On a baking sheet, lay down the broccolini so it isn't touching. Brush with olive oil and sprinkle salt on the tops; flip over and repeat on the other side. Cook on the top shelf of your oven for about five minutes, then shut off the oven and let it sit for five more minutes inside the oven. The goal is to lightly scorch the heads and cook the rest of it thoroughly, giving it a crunch on top.

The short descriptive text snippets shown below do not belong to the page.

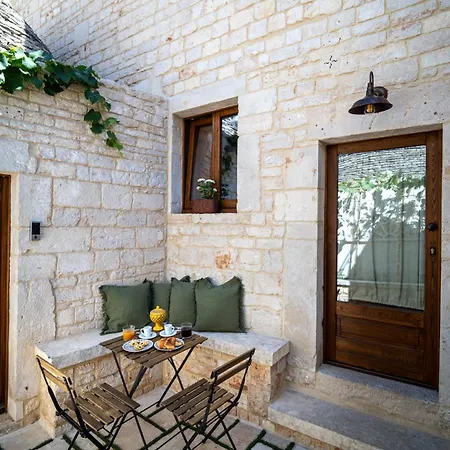 Dimore Piazza Roma Trulli & 3*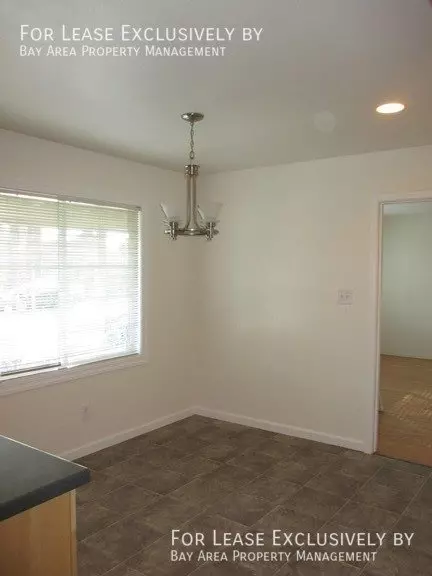 2153 Clarke Avenue, East Palo Alto, CA 94303 photo 2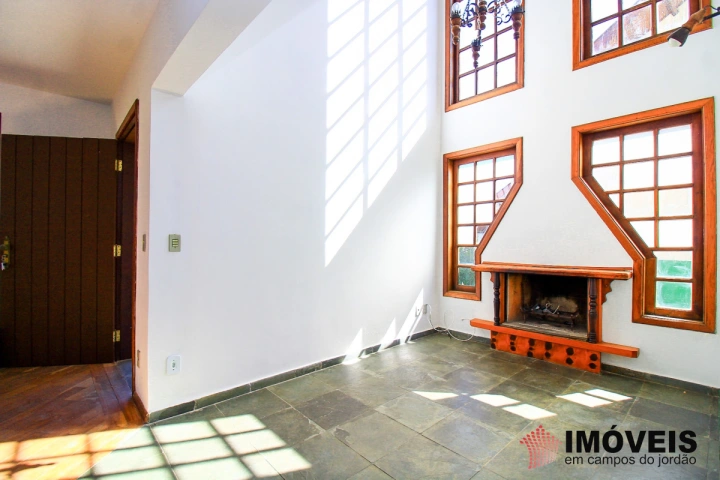 Casa Residencial para Venda - Campos do Jordão, Alto do Capivari - REF: 2053 Imagem da galeria de fotos: Casa Residencial para Venda - Campos do Jordão, Alto do Capivari - REF: 2053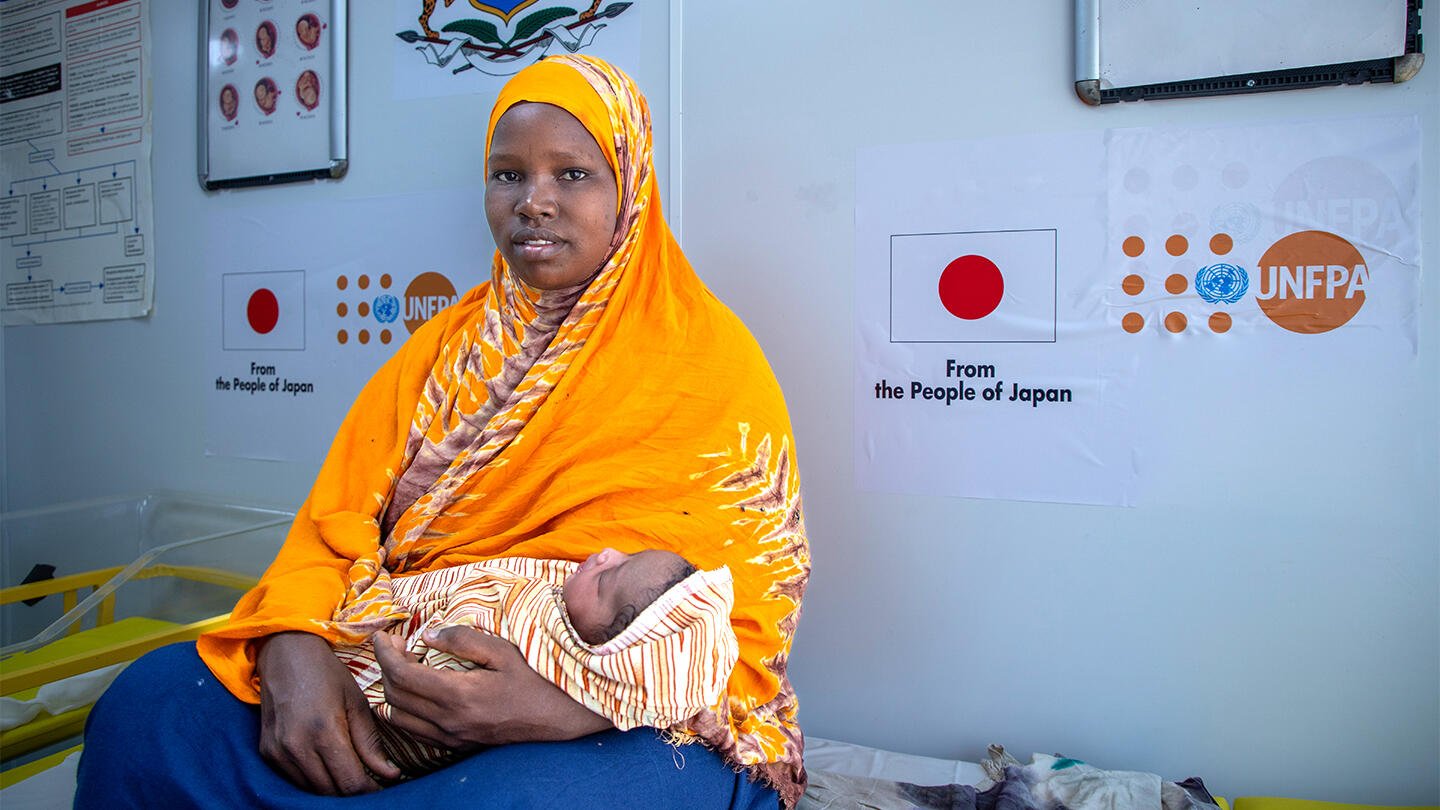 Iqro Badal Nur with her newborn baby at the MCC in Daynile. ©UNFPA/Usame Nur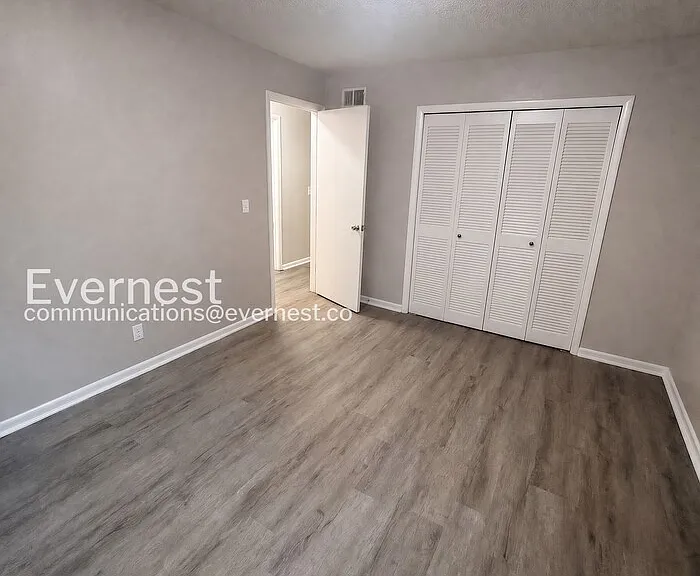 6069 Anglia Dr — Photo 11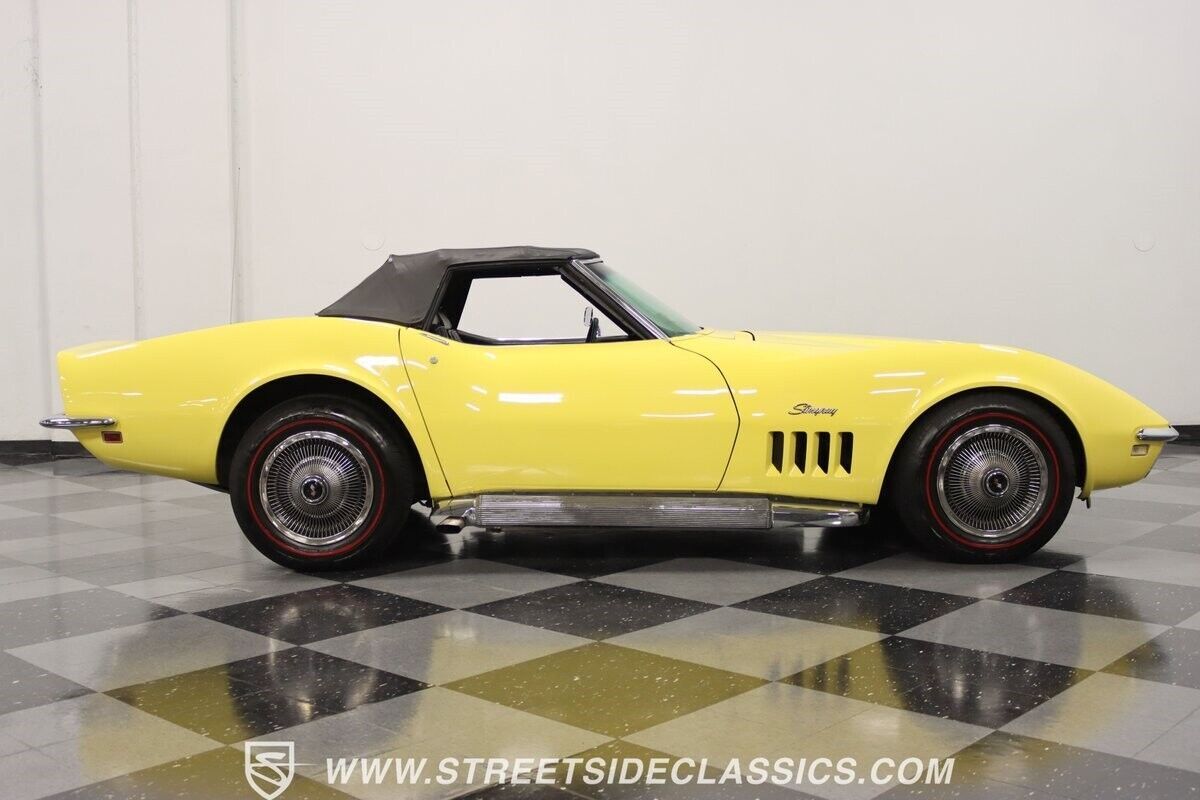 1969 Chevrolet Corvette 427 Convertible - photo 13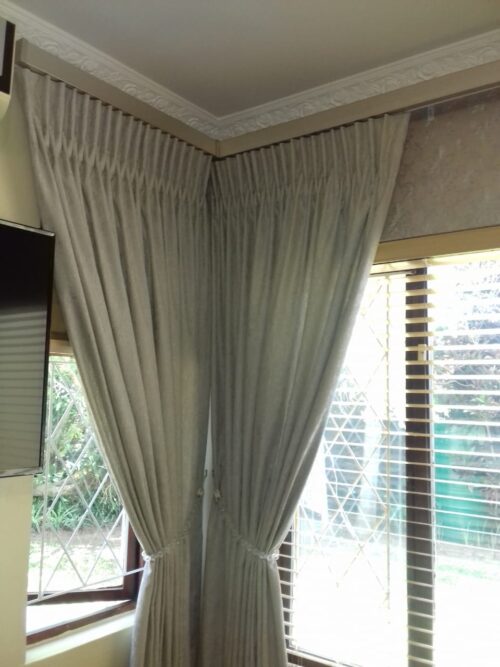 Waterfall curtain tape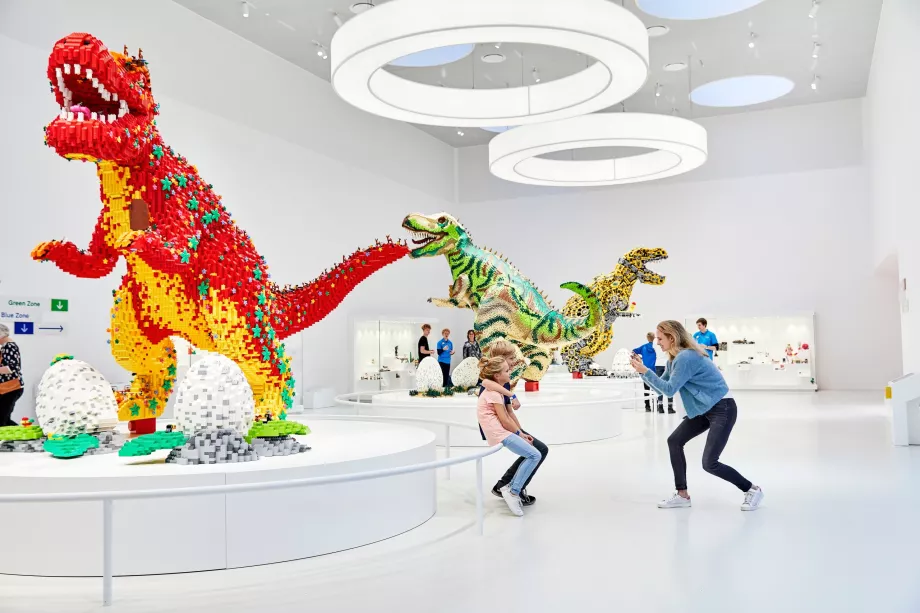 Lego House Dinosaur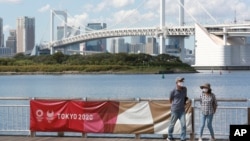 Ljudi sa maskama u Tokiju, 28. septembar 2020. (Foto: AP/Koji Sasahara)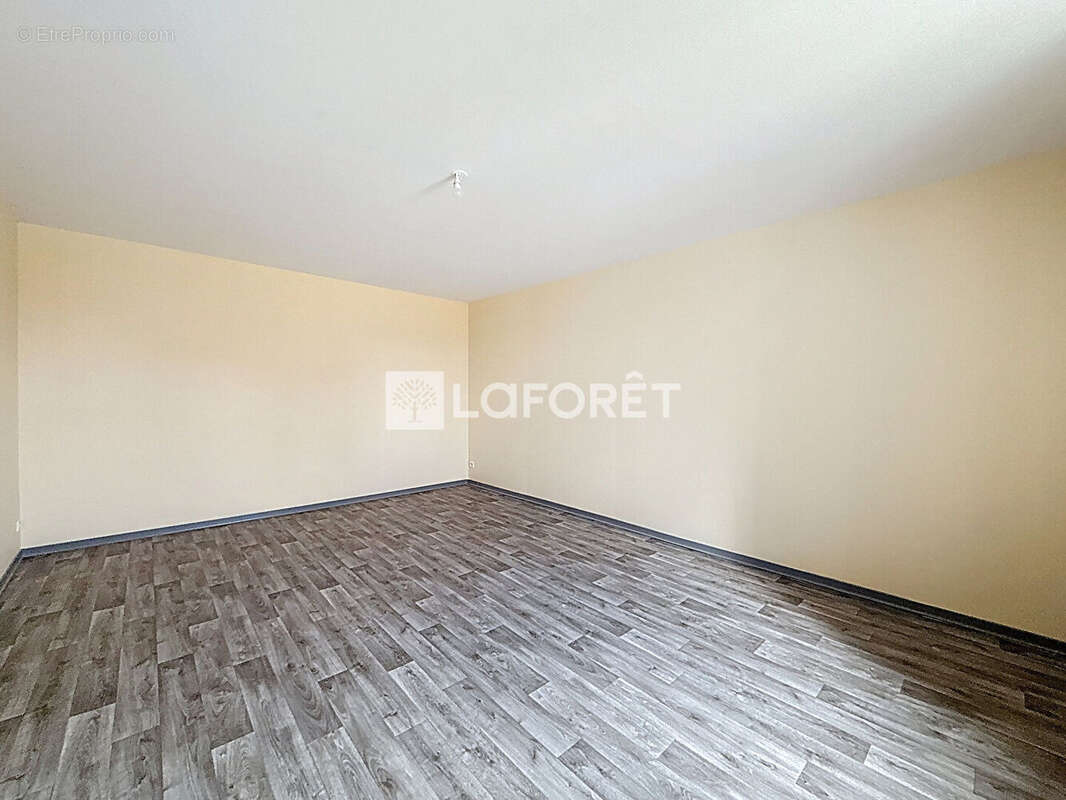 Appartement à LIFFOL-LE-PETIT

Serve the tofu over rice with the broccolini on the side.

Thoughts:

This will create a delicious meal, although the sauce did not quite work as intended - I envisioned something with more liquid, but I created something a little firm. It did brown nicely with the tofu leading me to believe I didn't make a mistake. So, the rating is "delicious, would cook again". However, you could always add more milk or some water to the recipe. You could also up the amount of sauce created, as this was only enough to coat the tofu and not the rice.

01 November 2010

Breadtastrophe Rematch, Round 1

I wanted revenge on the lean bread for the failure of last time. I haven't baked it yet (cold fermenting for a few nights first), but I may have bested it. Which is easy, really, considering I royally screwed the recipe up last time. It called for "Unbleached White Bread Flour" which I translated into shopping terms of "Unbleached White Flour."

Not the same thing.

Whoops.
Ingredients
For the rematch, I decided to spice up the recipe with rosemary - equal parts rosemary as salt, 7g in this case. Upon mixing the dough, I knew it was going to turn out right.
Dough, post mixing, pre stretch-and-fold
It has a much wetter texture, good amount of shag, and a really good feel in the hand. I proceed to do the stretch-and-fold on the dough four times, and there is a definite transformation of the dough during the process (unlike the previous attempt). It comes together and gets loads of taffy-ness, looking more like a ball of dough and less like a potato mash, but it still has all the gooeyness you look for.
Dough, post stretch-and-fold
Guess that extra gluten is useful after all, but the final verdict will come in a few days. I plan on making single-serving sandwich rolls, topped with some ground sea salt and rosemary before the bake. Call it a bastardized, simplified Rosemary Diamante.